Political climate change--A Writer and Publisher Statement

There's something sacred about anonymity; I'm not sure what it is but I think about it a lot, having several famous friends and knowing I wouldn't want to be one of them, knowing that what they give up I either couldn't give up or don't have in me to give in the first place.

I walk along Geary Boulevard this morning, beginning from my home on Anza down to 28th Avenue, then from 28th north to 16th and back again on the other side of the street, thinking about the blessing of anonymity, about not wanting to be known, and what this blessing might say, not only about me personally but also about the current political climate that seems so determinedly untrustworthy right now. I walk along thinking about my individual responsibilities as a citizen, and how I might act as a writer and publisher in the next few years, what kind of writing I might do myself and what kind of writing I might publish.

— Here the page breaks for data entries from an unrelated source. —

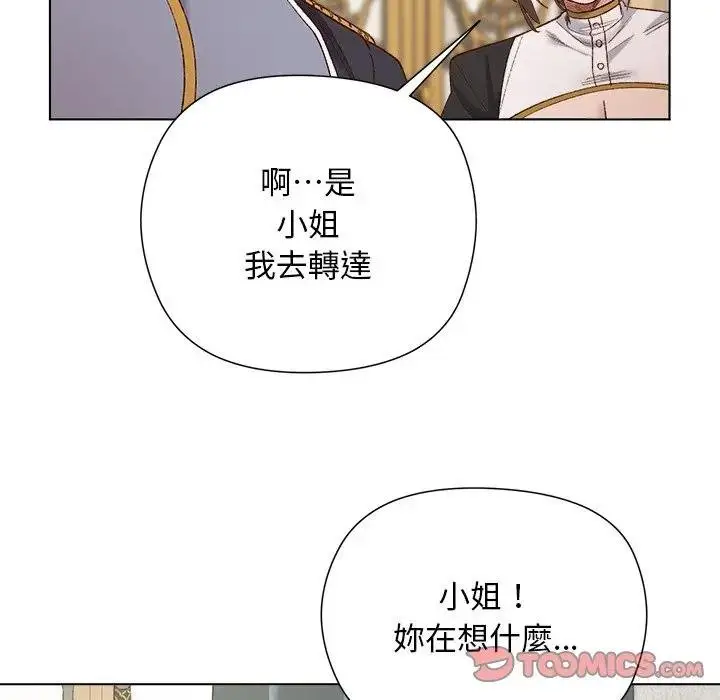 漫画《小姐由我来守护》第14话第111张图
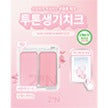 [2aN] Dual Cheek Blush Palette Soft Rose Radiant Finish 2 Shades (18 Colors)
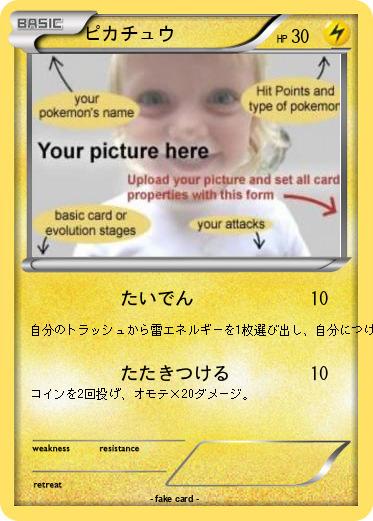Pokemon ピカチュウ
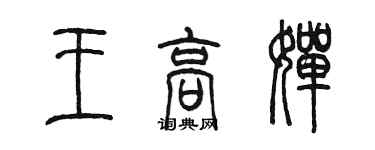 陳墨王高嬋篆書個性簽名怎么寫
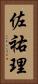 佐祐理 Vertical Portrait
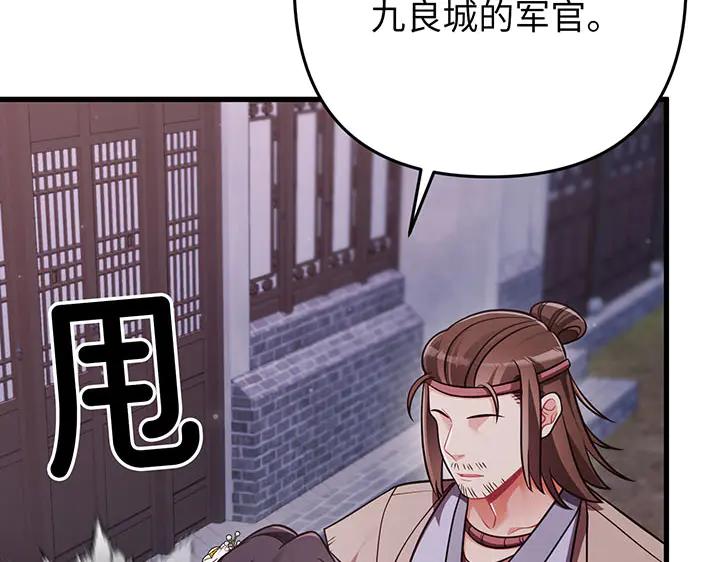 《好缘歌》第60话 第8页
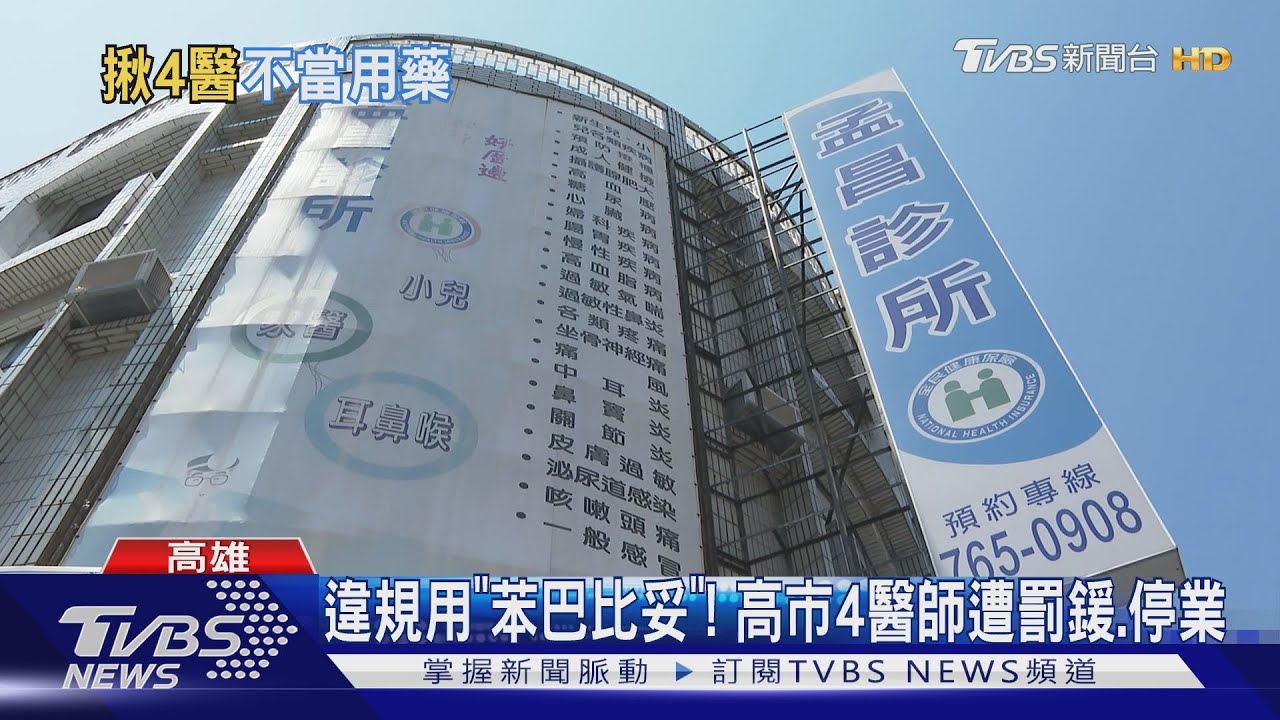 違規使用「苯巴比妥」! 高市4醫師開罰、停業 病患、員工撲空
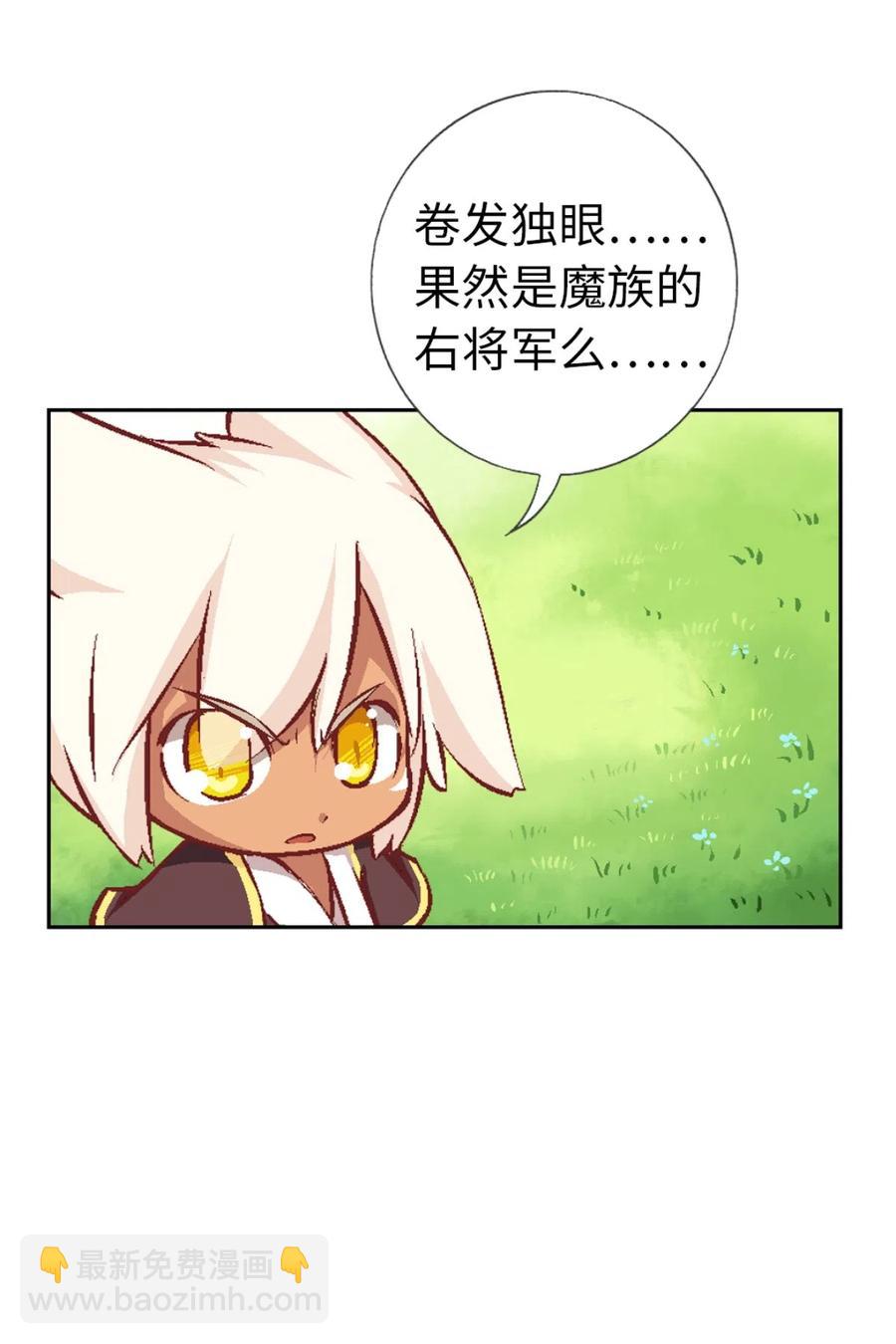 27 相遇(1/2)-第29话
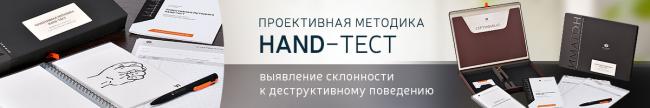 Диагностика аутизма у детей и взрослых(тесты)
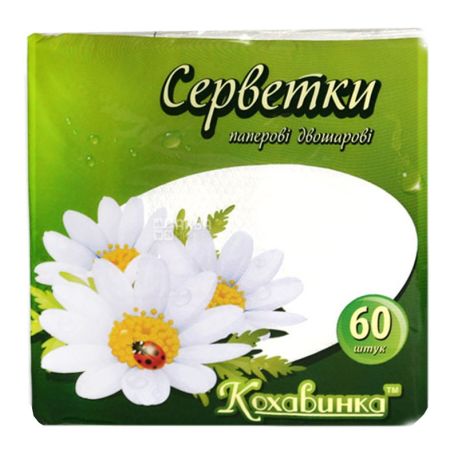Кохавинка, 60 шт., Салфетки столовые, 2-х слойные, 33 х 33 см, белые
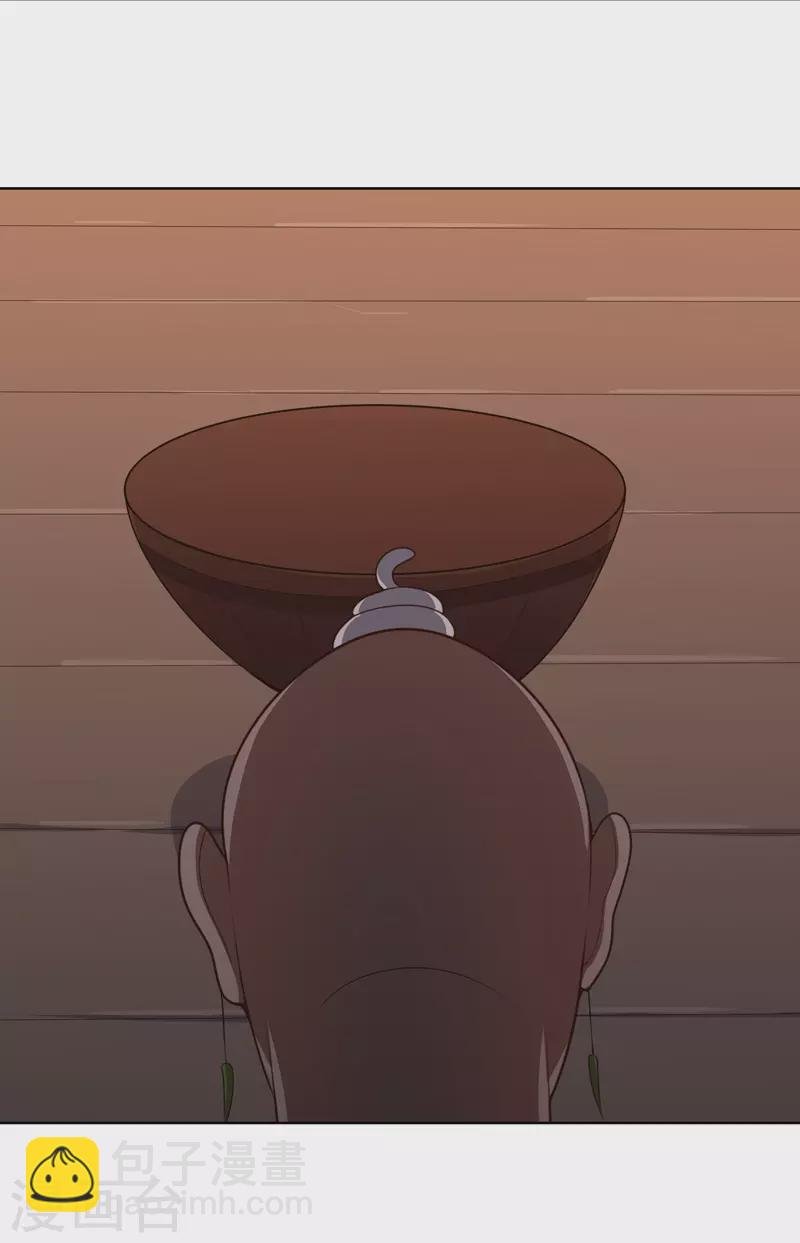 第33话 是骂你啊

I now live in a community where I really am a minority; most of the people I walk along with on Geary or who are walking the opposite way, most of the people in the coffee shops and restaurants, the markets, flower shops, liquor stores, pharmacies I either enter or pass, are very different from me, ethnically, religously, perhaps even politically. How do I know they're different? I just know. I look different, I dress differently, I'm a white man and most of the people I walk past are not white.  I imagine that many were born in a country I was not born in, and know I am correct in this imagination by the look of their faces and the color of their skin. Many of them look like downright survivors, propped up by canes, hobbled by foot problems, walking as well as they can to appointments with doctors, acupuncturists, elderly clinics funded by the state of federal government. Many of the people I see are very old, but most of them are much younger than me.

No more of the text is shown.